Profit taking pressure continued for second straight session today on mounting uncertainty about monetary stimulus tapering in the US after comments of Richard Fisher, President, Fed Bank of Dallas.

Federal Reserve Bank of New York President William C. Dudley said yesterday in a speech the US Federal Reserve has a tapering timetable and will wind down the bond purchases when there is broad improvement in the American economy. William C. Dudley emphasized that the US economy is facing pulling forces from opposite directions that is, "improving economic fundamentals versus fiscal drags and somewhat tighter financial conditions". And he emphasized it still needs the support of a "very accommodative monetary policy". He urged officials to push against the headwinds "forcefully". And he'd like to see "continued improvement in the labour market" before cutting the pace of asset purchases.

Meanwhile, Atlanta Fed Lockhart said he's supportive to FOMC's decision to keep the asset purchase pace unchanged in the September meeting. He noted there have been "some slowing" in job market growth. And, between now and October, there won't be "accumulation of enough evidence" to change the economic outlook.

However, Dallas Fed Fisher said Fed's delay in tapering could threaten Fed's credibility. He said he warned during the last FOMC meeting that "doing nothing at this meeting would increase uncertainty about the future conduct of policy and call the credibility of our communications into question." Meanwhile, he criticized that White House has mishandled Fed chairman nomination terribly.

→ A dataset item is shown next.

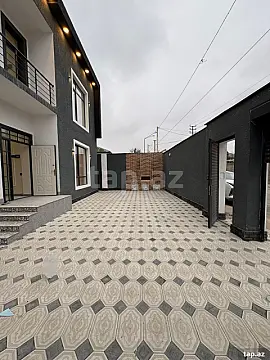 Satılır 5 otaqlı həyət evi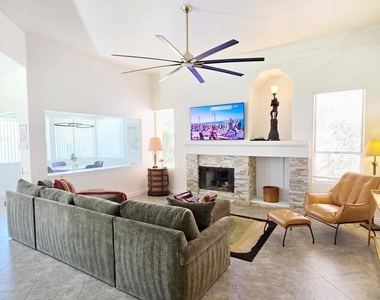 29899 E Trancas Drive - Photo Thumbnail 1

And he also criticized that the front runner Yellen as "dead wrong on policy".

Meanwhile, risk off selling also fuelled by on-going concerns about the US debt ceiling, which Congress must decide on mid next month

The U.S. House of Representatives voted last week to finance the federal government through mid-December and choke off funding for Obama's signature health-care law, setting up a showdown with the Senate and the White House.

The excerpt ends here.